** Input for this task follows **

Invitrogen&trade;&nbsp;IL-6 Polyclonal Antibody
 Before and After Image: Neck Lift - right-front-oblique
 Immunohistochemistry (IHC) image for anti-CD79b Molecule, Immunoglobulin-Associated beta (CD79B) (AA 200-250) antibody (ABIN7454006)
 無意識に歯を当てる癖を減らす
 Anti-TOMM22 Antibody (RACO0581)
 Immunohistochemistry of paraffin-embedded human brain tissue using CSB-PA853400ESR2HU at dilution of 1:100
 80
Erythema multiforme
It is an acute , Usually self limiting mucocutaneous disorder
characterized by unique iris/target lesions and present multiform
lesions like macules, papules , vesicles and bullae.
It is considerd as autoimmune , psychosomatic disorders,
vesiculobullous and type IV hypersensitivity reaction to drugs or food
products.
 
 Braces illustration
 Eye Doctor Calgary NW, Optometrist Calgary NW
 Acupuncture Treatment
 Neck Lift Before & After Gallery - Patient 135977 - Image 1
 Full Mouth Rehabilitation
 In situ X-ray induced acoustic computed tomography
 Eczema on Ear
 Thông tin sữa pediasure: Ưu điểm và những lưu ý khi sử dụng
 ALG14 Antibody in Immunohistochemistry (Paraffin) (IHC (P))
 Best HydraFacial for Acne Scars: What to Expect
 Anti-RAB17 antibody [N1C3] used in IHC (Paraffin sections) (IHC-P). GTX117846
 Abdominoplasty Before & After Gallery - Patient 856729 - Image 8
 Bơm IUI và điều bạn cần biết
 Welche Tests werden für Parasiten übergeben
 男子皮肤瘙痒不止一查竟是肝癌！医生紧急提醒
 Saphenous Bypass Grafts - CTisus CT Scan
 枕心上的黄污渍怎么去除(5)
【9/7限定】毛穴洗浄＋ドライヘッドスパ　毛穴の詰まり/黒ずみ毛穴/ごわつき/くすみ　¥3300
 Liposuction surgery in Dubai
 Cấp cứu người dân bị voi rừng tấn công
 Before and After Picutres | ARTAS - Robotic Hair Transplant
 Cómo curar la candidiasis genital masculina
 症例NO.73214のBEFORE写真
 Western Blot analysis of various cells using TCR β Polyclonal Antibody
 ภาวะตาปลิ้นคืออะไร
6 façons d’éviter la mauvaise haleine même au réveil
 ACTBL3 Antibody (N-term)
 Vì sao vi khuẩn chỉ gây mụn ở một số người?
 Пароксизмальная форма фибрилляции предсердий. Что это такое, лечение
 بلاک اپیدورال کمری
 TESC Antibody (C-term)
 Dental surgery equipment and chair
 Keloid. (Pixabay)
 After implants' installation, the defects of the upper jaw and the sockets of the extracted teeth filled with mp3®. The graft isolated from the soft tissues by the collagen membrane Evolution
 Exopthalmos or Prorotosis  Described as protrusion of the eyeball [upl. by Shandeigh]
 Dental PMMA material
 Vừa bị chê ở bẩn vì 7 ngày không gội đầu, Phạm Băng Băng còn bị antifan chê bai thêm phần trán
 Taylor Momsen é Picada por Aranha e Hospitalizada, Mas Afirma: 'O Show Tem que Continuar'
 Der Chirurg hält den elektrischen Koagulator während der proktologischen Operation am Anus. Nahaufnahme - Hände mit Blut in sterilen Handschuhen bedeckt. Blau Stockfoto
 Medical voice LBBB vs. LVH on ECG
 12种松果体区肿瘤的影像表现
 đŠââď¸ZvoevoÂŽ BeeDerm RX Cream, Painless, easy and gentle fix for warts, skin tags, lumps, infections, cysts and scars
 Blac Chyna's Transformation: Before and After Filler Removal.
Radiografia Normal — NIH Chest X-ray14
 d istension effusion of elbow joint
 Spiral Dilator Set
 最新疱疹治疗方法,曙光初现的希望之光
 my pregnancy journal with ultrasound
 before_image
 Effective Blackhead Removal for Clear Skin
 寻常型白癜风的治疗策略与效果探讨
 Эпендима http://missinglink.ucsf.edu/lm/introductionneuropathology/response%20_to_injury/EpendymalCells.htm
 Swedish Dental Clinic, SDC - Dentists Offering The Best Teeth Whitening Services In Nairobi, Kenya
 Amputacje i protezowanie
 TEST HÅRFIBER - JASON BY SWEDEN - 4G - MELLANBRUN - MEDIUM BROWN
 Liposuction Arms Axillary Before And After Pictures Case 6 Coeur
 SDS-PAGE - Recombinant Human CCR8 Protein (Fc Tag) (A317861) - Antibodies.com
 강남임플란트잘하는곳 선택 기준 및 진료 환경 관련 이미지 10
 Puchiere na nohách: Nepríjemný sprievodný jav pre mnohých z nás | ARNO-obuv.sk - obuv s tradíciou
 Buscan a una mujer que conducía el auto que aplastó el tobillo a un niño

** End of Input for this task **

# Your instructions
Output nothing but the lines from the one containing "寻常型白癜风的治疗策略与效果探讨" to the end of the listing, both of those included, exactly as given.

# Exercise solution
 寻常型白癜风的治疗策略与效果探讨
 Эпендима http://missinglink.ucsf.edu/lm/introductionneuropathology/response%20_to_injury/EpendymalCells.htm
 Swedish Dental Clinic, SDC - Dentists Offering The Best Teeth Whitening Services In Nairobi, Kenya
 Amputacje i protezowanie
 TEST HÅRFIBER - JASON BY SWEDEN - 4G - MELLANBRUN - MEDIUM BROWN
 Liposuction Arms Axillary Before And After Pictures Case 6 Coeur
 SDS-PAGE - Recombinant Human CCR8 Protein (Fc Tag) (A317861) - Antibodies.com
 강남임플란트잘하는곳 선택 기준 및 진료 환경 관련 이미지 10
 Puchiere na nohách: Nepríjemný sprievodný jav pre mnohých z nás | ARNO-obuv.sk - obuv s tradíciou
 Buscan a una mujer que conducía el auto que aplastó el tobillo a un niño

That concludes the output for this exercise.